_Work task:_ Return exactly the lines from the one containing "十连霸梦碎 井山王朝最大基石崩塌 一力辽成日本第十位棋圣图片" through the end of the material below, and leave the images out.

[Opening Data to process section]

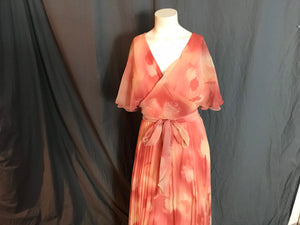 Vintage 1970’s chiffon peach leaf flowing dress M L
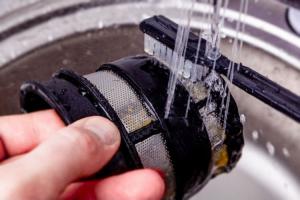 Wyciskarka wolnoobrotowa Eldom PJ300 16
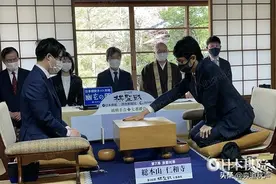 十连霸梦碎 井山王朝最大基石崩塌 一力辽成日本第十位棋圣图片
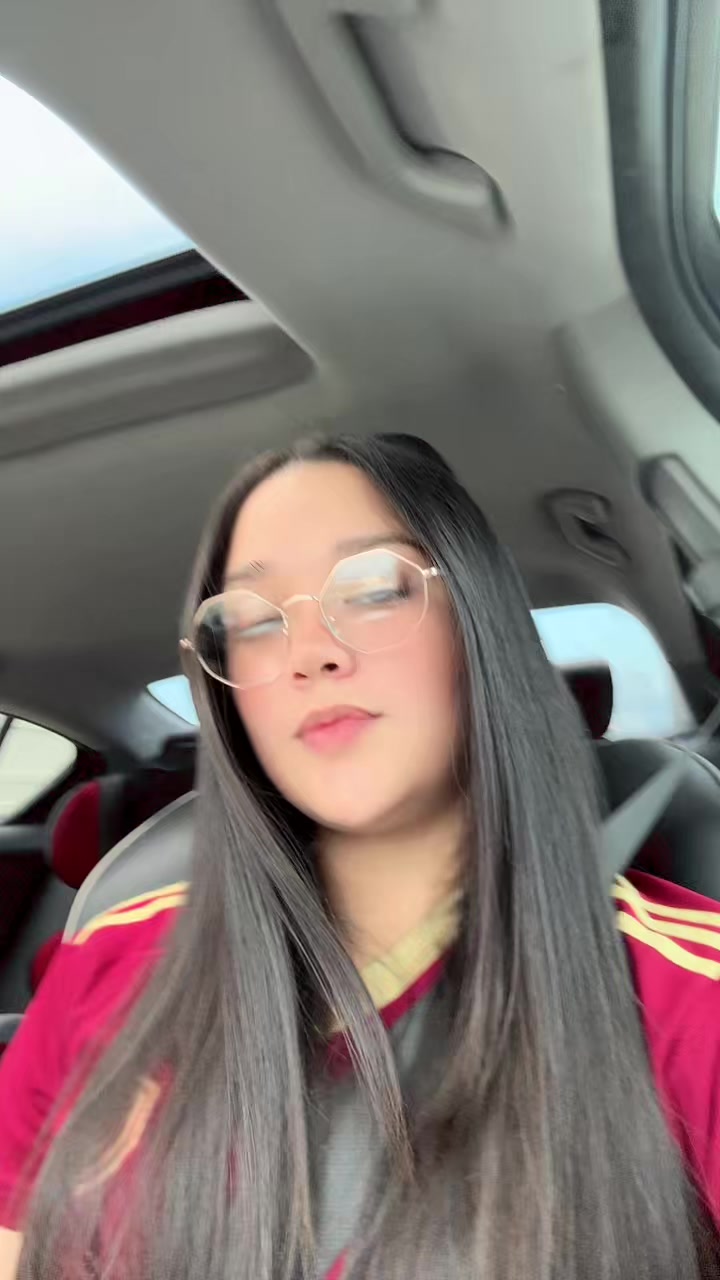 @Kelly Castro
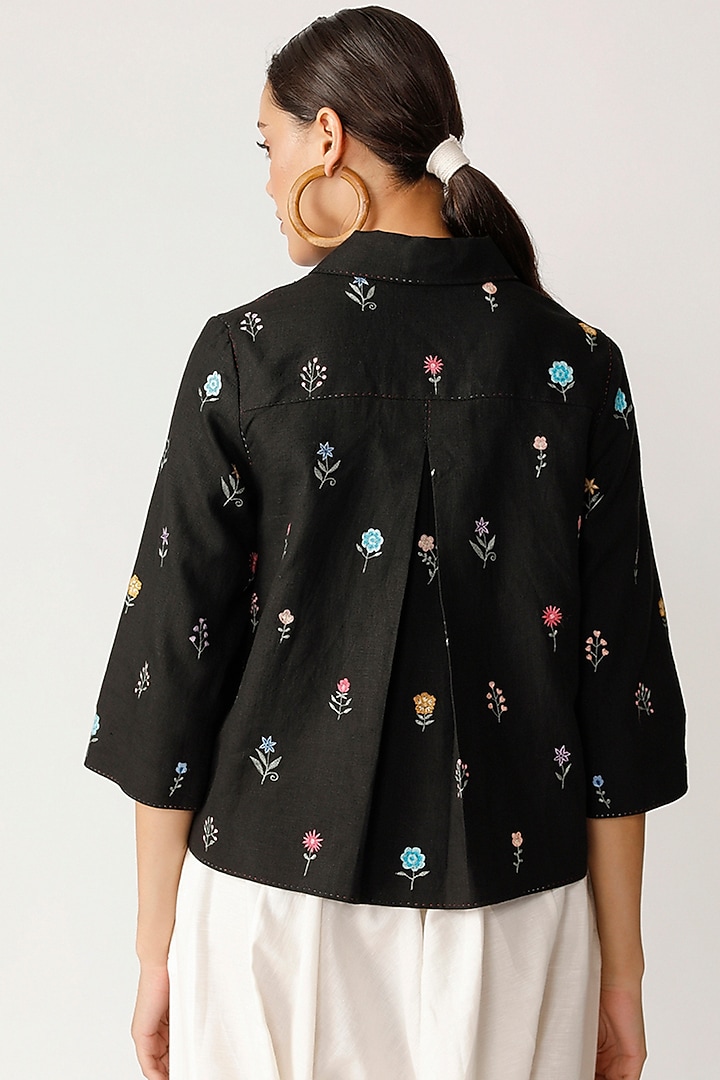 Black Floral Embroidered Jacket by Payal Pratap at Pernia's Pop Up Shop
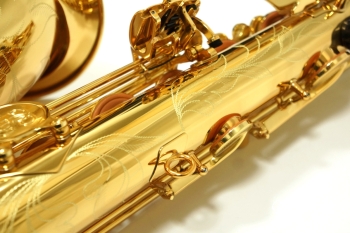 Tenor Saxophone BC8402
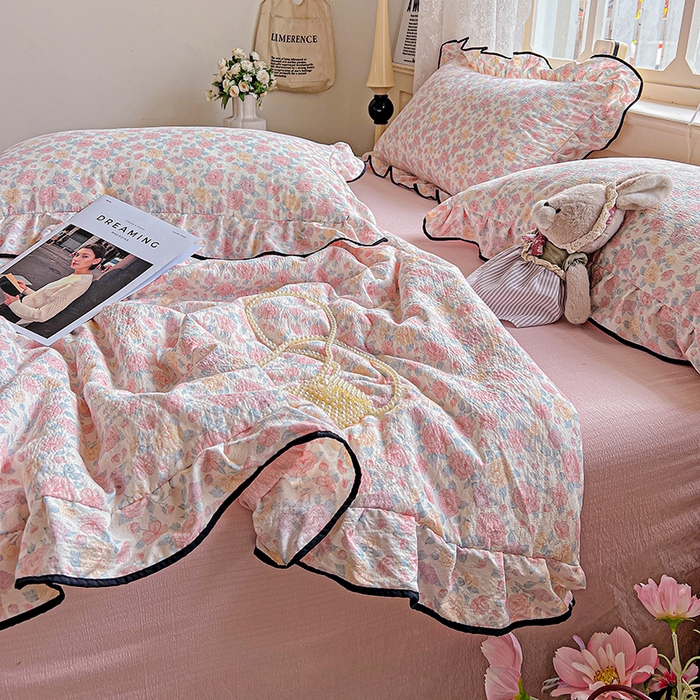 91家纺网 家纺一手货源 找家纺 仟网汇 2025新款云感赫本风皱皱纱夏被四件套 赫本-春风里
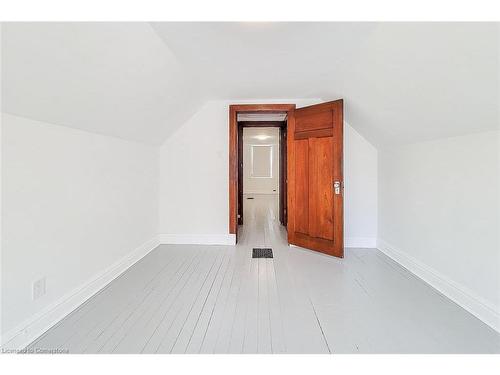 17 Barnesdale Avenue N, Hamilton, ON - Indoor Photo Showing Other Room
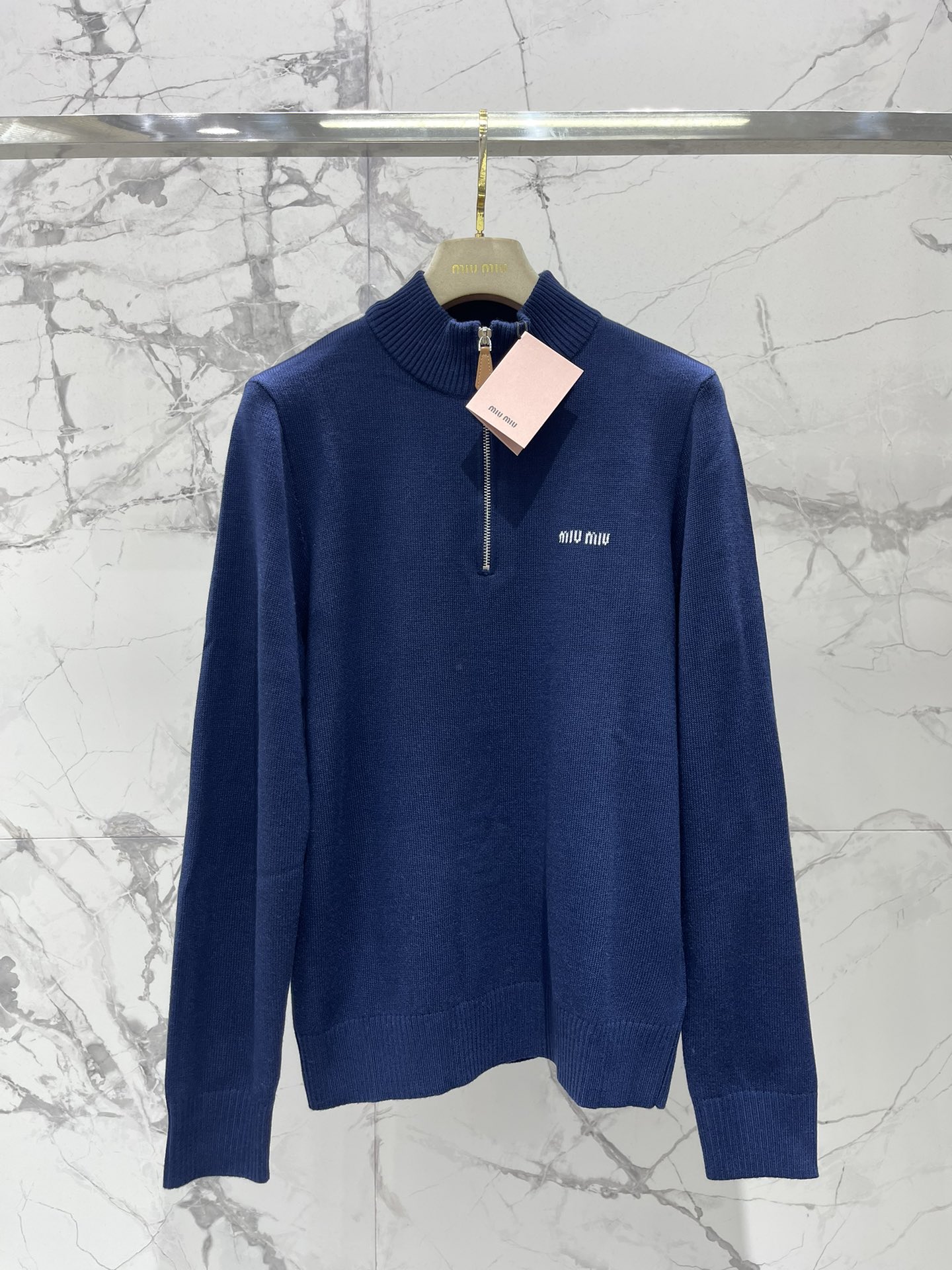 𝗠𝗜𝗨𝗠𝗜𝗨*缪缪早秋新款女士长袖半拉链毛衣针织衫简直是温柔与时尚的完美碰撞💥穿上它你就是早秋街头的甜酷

[Closing Data to process section]

_Response box:_
 十连霸梦碎 井山王朝最大基石崩塌 一力辽成日本第十位棋圣图片
 @Kelly Castro
 Black Floral Embroidered Jacket by Payal Pratap at Pernia's Pop Up Shop
 Tenor Saxophone BC8402
 91家纺网 家纺一手货源 找家纺 仟网汇 2025新款云感赫本风皱皱纱夏被四件套 赫本-春风里
 17 Barnesdale Avenue N, Hamilton, ON - Indoor Photo Showing Other Room
 𝗠𝗜𝗨𝗠𝗜𝗨*缪缪早秋新款女士长袖半拉链毛衣针织衫简直是温柔与时尚的完美碰撞💥穿上它你就是早秋街头的甜酷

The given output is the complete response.